* **About this exercise**:
Only the lines from the start of the data through the line with "New POP MART" belong in the copy. Restate them word for word, minus the pictures.

<<<<

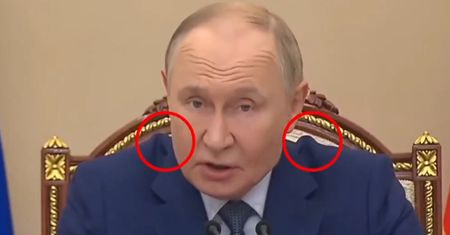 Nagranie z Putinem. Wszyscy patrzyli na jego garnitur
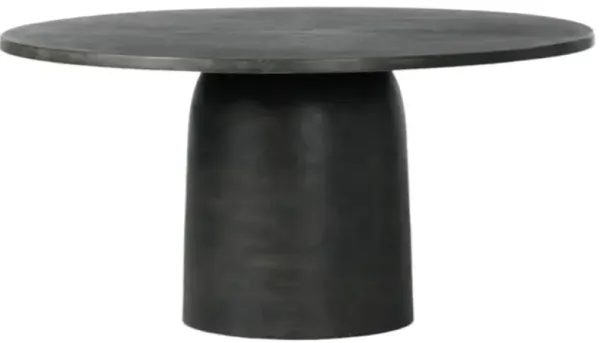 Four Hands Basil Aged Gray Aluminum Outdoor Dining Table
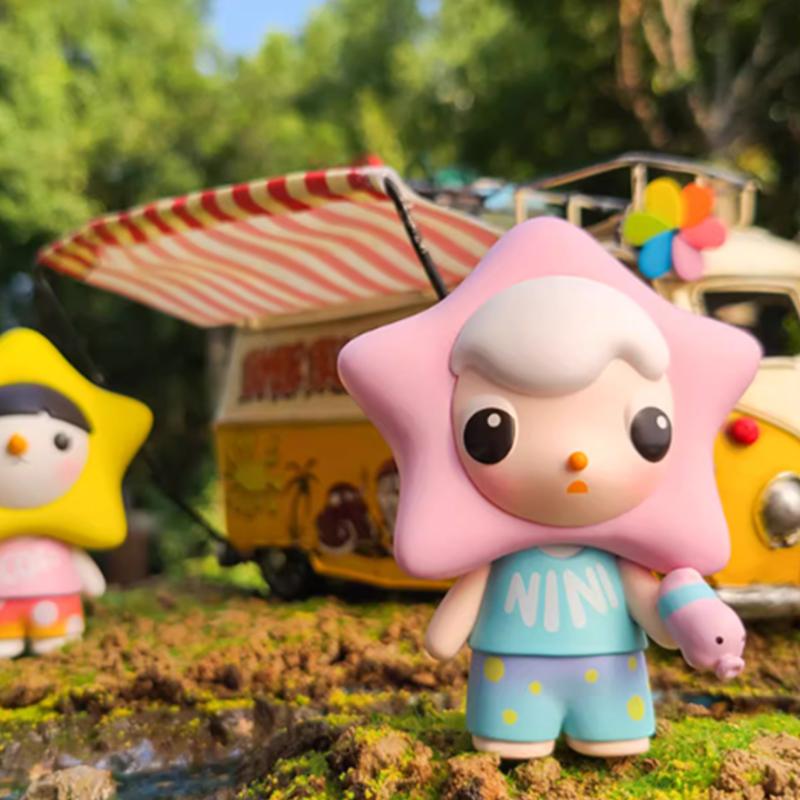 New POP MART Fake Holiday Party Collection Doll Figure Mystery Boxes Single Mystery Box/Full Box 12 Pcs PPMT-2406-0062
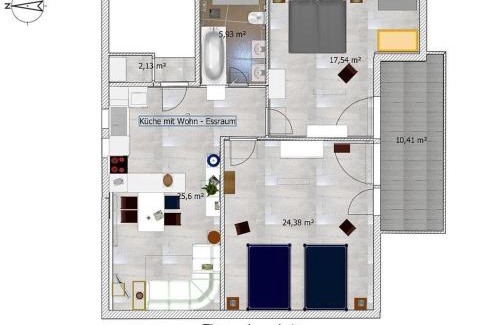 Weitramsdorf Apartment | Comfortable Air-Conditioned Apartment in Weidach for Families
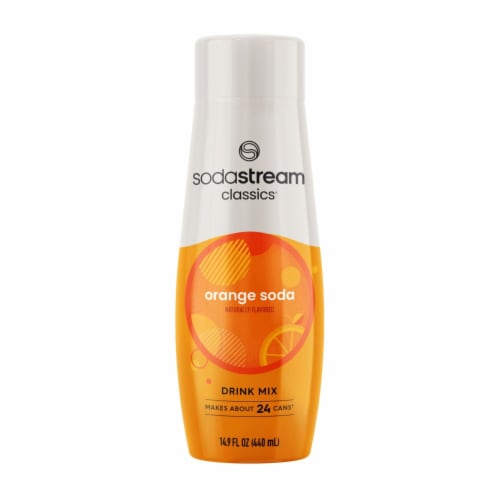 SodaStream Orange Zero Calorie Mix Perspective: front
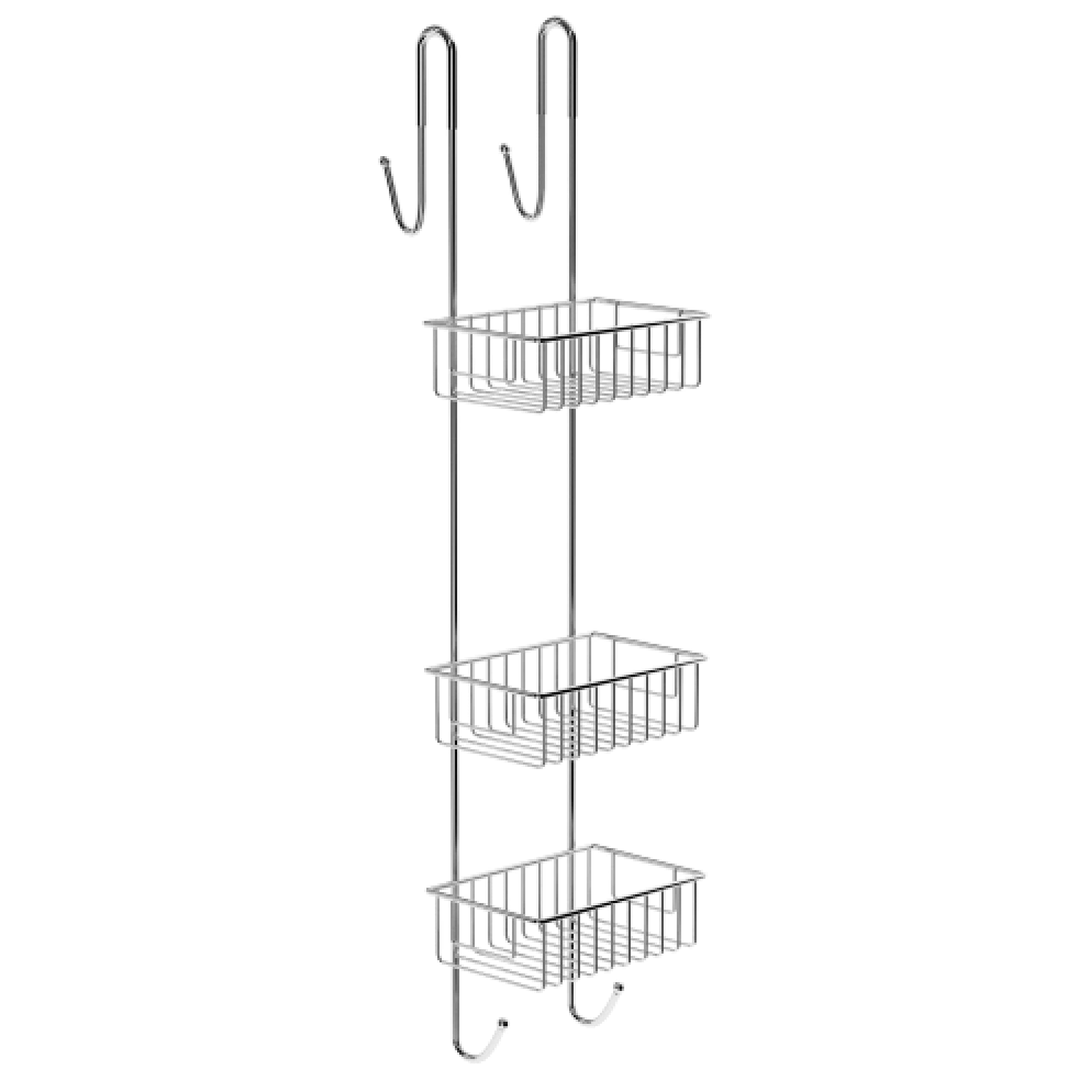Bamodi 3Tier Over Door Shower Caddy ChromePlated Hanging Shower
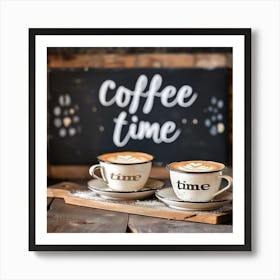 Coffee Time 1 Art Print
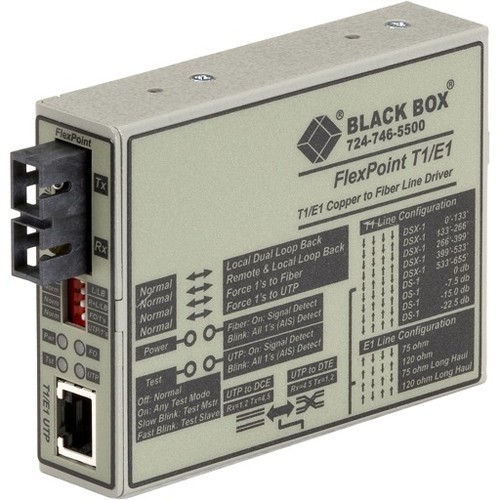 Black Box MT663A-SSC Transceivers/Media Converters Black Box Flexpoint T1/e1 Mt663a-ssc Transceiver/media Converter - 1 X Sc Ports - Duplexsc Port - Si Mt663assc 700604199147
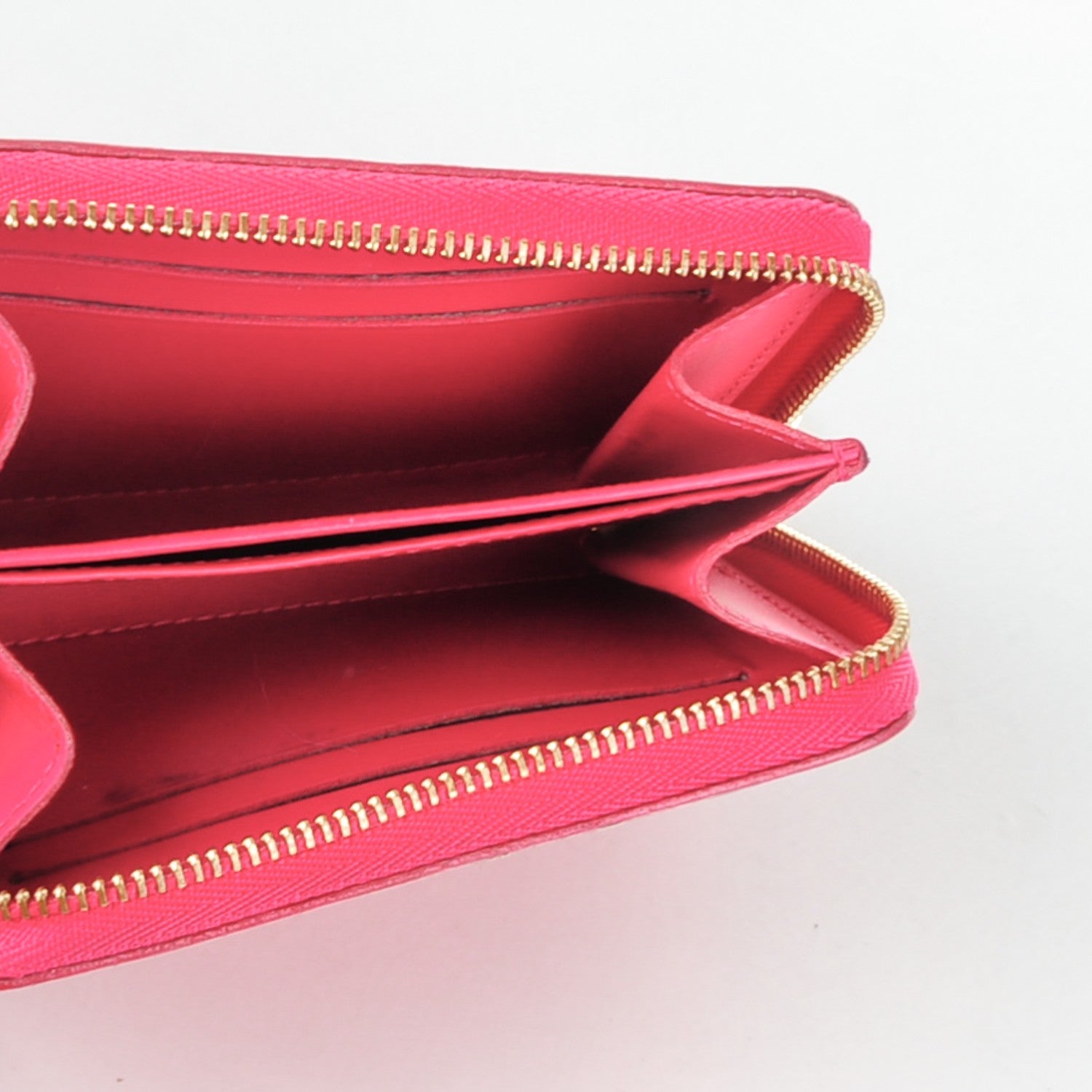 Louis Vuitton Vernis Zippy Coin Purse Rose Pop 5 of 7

>>>>

* **Problem solution**:
 Nagranie z Putinem. Wszyscy patrzyli na jego garnitur
 Four Hands Basil Aged Gray Aluminum Outdoor Dining Table
 New POP MART Fake Holiday Party Collection Doll Figure Mystery Boxes Single Mystery Box/Full Box 12 Pcs PPMT-2406-0062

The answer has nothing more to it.